In 2013 a photo of twenty-eight-year-old Amanda Polchies at a Mi'kmaq antifracking protest in New Brunswick, Canada, became iconic as a symbol of Indigenous resistance to industrial extraction. The image draws power in juxtaposition: Polchies silently lifts a delicate feather before a hard horizon of Royal Canadian Mounted Police, whose humanness is lost in the line of force with which they mean to protect the interests of the oil and gas industry. The dissonance captured in this photo is disturbing but not unique. Recent images of militarized police blasting water cannons at unarmed water protectors at Standing Rock in subfreezing temperatures also elicited shock and rage. Anger is justified. Surprise is not.

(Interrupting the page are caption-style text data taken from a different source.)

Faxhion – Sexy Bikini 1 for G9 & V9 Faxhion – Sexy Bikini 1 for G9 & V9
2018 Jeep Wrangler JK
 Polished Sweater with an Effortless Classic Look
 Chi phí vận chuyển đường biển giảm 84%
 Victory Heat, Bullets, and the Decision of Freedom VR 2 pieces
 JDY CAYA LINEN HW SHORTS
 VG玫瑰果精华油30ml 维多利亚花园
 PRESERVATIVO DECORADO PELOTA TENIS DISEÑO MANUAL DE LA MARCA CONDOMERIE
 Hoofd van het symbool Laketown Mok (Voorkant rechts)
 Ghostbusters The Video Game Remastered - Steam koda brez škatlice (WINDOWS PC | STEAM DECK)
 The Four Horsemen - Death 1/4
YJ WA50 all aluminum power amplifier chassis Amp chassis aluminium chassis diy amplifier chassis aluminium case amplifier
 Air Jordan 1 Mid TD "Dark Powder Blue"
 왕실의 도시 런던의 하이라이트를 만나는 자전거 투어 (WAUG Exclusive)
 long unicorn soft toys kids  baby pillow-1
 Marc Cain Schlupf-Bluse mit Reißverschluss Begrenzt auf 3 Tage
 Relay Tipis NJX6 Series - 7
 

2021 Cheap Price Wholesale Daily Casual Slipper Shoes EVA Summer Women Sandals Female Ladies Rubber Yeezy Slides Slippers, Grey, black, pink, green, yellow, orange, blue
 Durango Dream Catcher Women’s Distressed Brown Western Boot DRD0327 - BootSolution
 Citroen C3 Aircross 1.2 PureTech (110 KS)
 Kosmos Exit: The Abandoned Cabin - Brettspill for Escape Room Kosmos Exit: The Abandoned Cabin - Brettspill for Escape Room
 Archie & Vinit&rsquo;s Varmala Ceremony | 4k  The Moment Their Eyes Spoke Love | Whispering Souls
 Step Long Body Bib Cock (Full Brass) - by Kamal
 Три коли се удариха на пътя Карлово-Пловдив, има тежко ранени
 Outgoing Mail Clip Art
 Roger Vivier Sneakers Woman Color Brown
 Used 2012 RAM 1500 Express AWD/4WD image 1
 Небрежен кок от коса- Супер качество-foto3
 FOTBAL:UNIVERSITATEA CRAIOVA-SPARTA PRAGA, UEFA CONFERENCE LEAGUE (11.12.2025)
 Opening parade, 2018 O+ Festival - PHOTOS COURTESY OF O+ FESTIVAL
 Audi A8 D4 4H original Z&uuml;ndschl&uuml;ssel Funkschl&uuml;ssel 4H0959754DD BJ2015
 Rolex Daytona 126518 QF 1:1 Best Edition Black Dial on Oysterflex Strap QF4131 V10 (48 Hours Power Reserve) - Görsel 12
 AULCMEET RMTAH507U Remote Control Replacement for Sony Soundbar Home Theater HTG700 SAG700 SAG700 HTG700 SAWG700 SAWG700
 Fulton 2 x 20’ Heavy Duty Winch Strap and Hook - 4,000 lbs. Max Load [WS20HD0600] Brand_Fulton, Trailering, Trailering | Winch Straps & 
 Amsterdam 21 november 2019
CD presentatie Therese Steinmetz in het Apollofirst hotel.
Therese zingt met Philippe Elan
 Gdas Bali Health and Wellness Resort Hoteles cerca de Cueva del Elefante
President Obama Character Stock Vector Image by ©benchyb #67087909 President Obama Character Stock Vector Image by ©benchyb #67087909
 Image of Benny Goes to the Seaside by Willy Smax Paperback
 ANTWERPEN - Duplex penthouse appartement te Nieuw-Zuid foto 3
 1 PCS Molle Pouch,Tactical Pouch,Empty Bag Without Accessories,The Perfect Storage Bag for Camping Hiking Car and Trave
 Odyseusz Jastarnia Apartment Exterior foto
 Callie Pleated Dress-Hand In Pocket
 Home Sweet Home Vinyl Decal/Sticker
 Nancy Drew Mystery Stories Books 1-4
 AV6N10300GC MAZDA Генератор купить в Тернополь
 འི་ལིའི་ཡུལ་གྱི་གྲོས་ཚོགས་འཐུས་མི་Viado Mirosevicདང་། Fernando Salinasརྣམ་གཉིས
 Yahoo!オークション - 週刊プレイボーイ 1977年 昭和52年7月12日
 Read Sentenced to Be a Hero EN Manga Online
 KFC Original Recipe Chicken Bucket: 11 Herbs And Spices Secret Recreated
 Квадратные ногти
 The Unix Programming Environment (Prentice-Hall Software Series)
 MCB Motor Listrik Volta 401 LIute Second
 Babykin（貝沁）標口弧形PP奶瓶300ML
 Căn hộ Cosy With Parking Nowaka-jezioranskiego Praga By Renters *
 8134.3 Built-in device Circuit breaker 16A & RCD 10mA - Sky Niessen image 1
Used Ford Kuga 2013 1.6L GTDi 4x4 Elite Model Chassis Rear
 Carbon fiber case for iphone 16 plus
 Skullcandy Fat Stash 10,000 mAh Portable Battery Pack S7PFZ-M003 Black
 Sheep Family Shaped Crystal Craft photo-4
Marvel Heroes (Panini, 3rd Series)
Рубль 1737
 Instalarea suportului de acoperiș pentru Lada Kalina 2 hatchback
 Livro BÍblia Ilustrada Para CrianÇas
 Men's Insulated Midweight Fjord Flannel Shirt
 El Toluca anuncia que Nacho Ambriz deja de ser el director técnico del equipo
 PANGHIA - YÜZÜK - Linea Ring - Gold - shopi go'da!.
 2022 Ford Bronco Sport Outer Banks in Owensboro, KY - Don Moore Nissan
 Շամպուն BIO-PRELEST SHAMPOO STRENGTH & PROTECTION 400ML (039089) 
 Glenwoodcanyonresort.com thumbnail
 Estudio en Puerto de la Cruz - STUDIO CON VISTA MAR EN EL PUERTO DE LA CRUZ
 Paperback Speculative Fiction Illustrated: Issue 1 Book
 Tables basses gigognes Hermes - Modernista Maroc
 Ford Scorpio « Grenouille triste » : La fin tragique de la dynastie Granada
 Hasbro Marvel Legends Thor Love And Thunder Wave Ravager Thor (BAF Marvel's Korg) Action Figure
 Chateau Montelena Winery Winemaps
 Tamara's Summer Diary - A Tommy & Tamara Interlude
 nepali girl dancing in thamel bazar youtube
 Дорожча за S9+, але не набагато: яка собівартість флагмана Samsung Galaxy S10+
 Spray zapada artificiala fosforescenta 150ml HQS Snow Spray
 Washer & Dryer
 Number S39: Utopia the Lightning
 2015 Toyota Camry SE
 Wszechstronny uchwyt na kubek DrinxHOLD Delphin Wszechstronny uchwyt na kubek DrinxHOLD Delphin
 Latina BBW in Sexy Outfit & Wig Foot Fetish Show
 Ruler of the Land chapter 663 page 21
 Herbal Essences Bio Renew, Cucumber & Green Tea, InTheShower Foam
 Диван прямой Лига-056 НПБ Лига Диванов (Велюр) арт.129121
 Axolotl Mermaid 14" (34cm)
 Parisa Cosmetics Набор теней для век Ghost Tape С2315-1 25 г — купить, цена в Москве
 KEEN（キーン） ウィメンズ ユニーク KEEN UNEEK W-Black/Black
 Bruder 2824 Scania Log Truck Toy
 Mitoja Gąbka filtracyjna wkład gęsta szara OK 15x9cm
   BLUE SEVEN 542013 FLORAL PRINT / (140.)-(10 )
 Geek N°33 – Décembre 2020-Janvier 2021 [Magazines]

The use of excessive violence in the name of extractive industry is altogether foreseeable in the history of US and Canadian settler–Native relations (Brown). Indeed, David Grann's 2017 work of historical nonfiction, Killers of the Flower Moon, reveals how settler desire for land and resources has always been deadly. Grann narrates the Osage Reign of Terror, a period in the 1920s when the Osage were poisoned, shot, and bombed for their headrights to oil-rich land.1 Through Grann's deft archival scrutiny, Killers of the Flower Moon uncovers complex collusions between settler law enforcement, oil-industry tycoons, and white communities that seem eerily prescient of the riot-gear-clad police shielding the frontlines of settler capitalism today. Grann's narrative nonfiction details the historical backdrop of Osage writer John Joseph Mathews's 1934 bildungsroman Sundown. Both Grann and Mathews's texts regard the Osage Reign of Terror as a gruesome example in a long history [End Page 439] of structural violence linking the settler state to land theft and resource extraction. Still, Sundown offers a story of survival that goes beyond the tragic history of Grann's vital study to articulate-quietly, profoundly—with Indigenous resistance today. The novel stretches across time and space, silently testifying to an unbroken environmental justice tradition committed to Indigenous sovereignty and survivance.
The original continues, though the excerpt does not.